Desde julho, 13 trabalhadores do Haiti denunciaram espancamentos
sofridos dentro de empresas em que trabalhavam, em Curitiba
O tórax do haitiano Maurice*,
de 26 anos, ainda dói quando faz movimentos bruscos. Há pouco mais de um mês,
ele foi espancado até perder os sentidos, por dois colegas de trabalho. As
agressões ocorreram dentro da cerealista da qual eram empregados. O rapaz foi
surrado depois de pedir que parassem de lhe ofender por sua cor e condição de
migrante. Além de, por mais de um mês, ter sido chamado diariamente de
“escravo” e de “macaco”, aguentava colegas que lhe atiravam bananas, como forma
de ofendê-lo. Mais do que os ferimentos físicos, é a dor do preconceito que
incomoda o haitiano.
“Eu falava pra eles: ‘Você
é meu irmão. Sou humano igual a você, criado pelo mesmo Deus’. Mas me bateram,
bateram e ninguém separou”, disse o migrante. “Eu não entendo porque isso, se
sou gente como eles”, lamenta.
Antes velada, a xenofobia
em Curitiba parece ter ultrapassado os limites da injúria e do racismo. Se
antes o ódio se manifestava em olhares, em xingamentos e em algumas reações
mais contidas, agora alguns casos passaram a se cristalizar em atos violentos.
Desde julho, a Casa Latino
Americana (Casla), organização que acolhe migrantes na capital paranaense,
recebeu 13 haitianos que foram espancados por causa do preconceito.
Assim como Maurice, os
relatos detalham atitudes que escancaram a discriminação e que terminaram com
agressões físicas graves. As vítimas estão recebendo assessoria jurídica da
Casla, com apoio da Ordem dos Advogados do Brasil (OAB), por meio da Comissão
de Direitos dos Migrantes.
“Todos estes casos ocorreram
por preconceito e xenofobia. As vítimas foram agredidas por serem haitianas.

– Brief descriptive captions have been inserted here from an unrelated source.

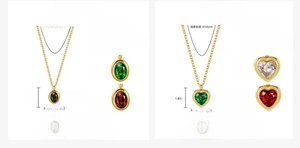 Detailed size guide for heart and oval zircon necklaces with chain length measurements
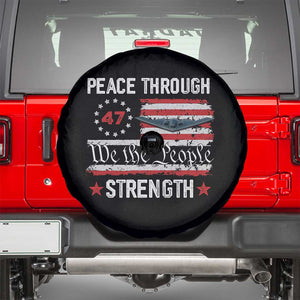 Peace Through Strength Spare Tire Cover Patriotic Midnight Hammer Jet American Flag TS02 Black Print Your Wear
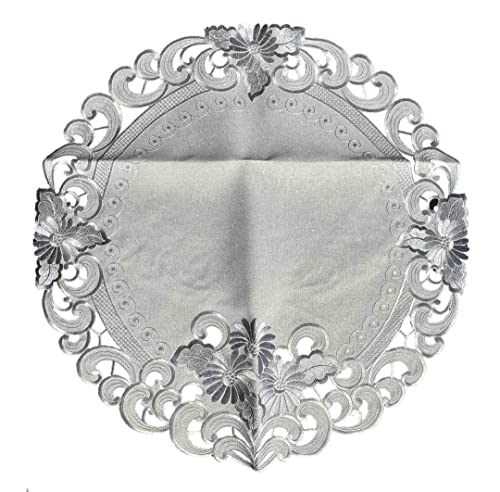 Tischläufer Tischdecke Mitteldecke Tischband gestickt Blumen Silber Grau (60 rund) von Westernlifestyle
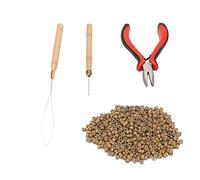 Naroote Kit de Herramientas de Extensión de Cabello Anillos de Silicona Eficientes Juego de Ganchos de Cuentas para Peluqueros Kit de Extracción de Cabello con Anillo de Silicona para Artistas 500 X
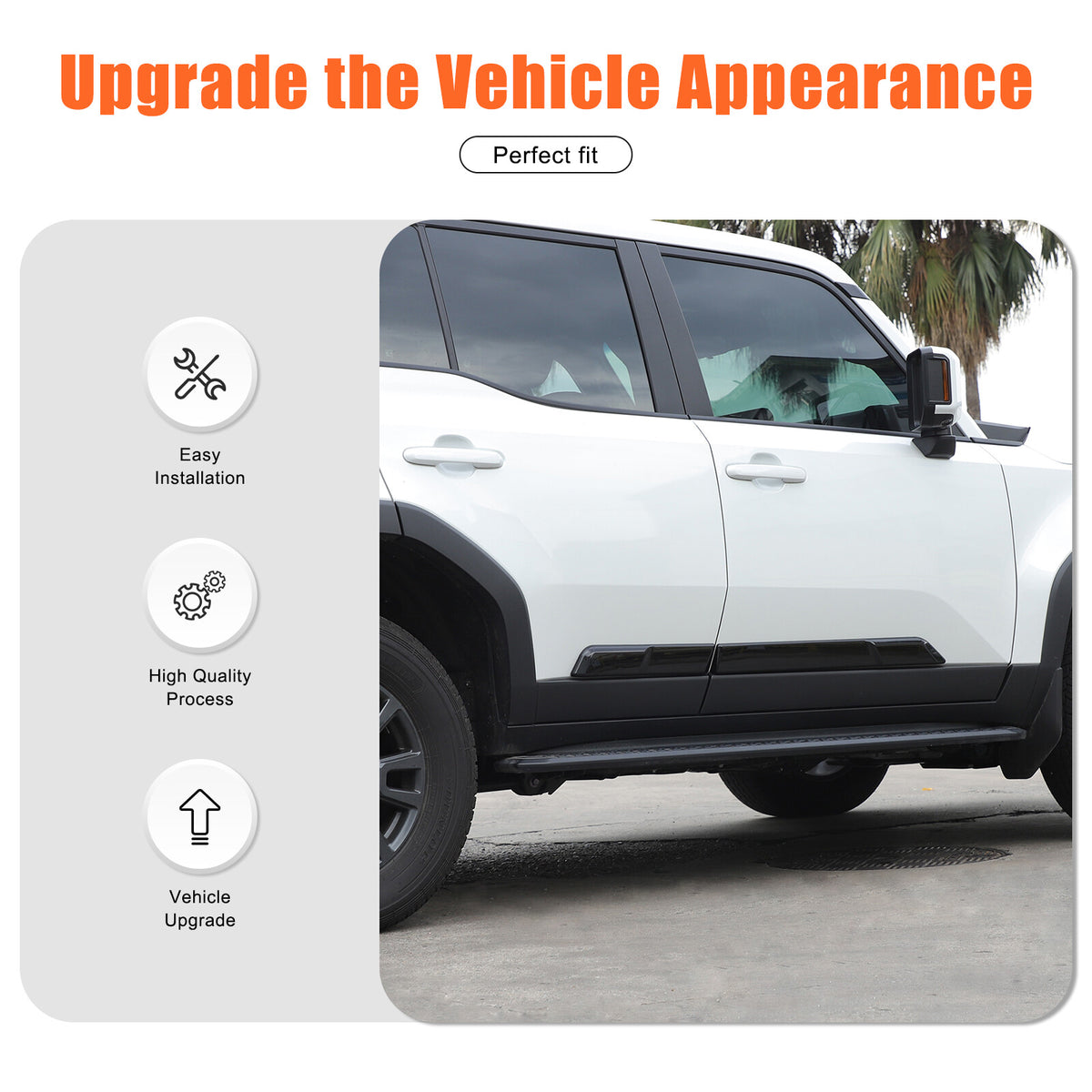 Glossy black Body Side Door Moulding Cover Trim For Toyota Land Cruiser LC250 24 14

Estamos assustados, porque estes são apenas os casos que nos chegam. Muitos
devem ficar ocultos”, diz a advogada Nádia Pacher Floriani, presidente da
comissão da OAB. “Às vezes, temos que nos segurar para as lágrimas não rolarem
diante das histórias”, conta.
No trabalho
As agressões recentes
reúnem uma característica em comum: foram cometidas dentro de empresas em que
os haitianos trabalhavam. Por precisarem do emprego, muitas das vítimas acabam
suportando as humilhações e as agressões, silenciando diante do preconceito.
“Ao mesmo tempo em que essas aberrações acontecem, muitos são obrigados a
permanecer no trabalho para garantir seu sustento. É xenofobia. É um problema
cultural de não aceitar o outro”, define o advogado trabalhista Adriano Falvo,
que presta assessoria jurídica voluntária às vítimas.
As ocorrências extrapolam
a esfera trabalhista e têm gerado, também, ações criminais. Um dos homens que
espancou Maurice chegou a se preso poucas horas depois, por crime de racismo.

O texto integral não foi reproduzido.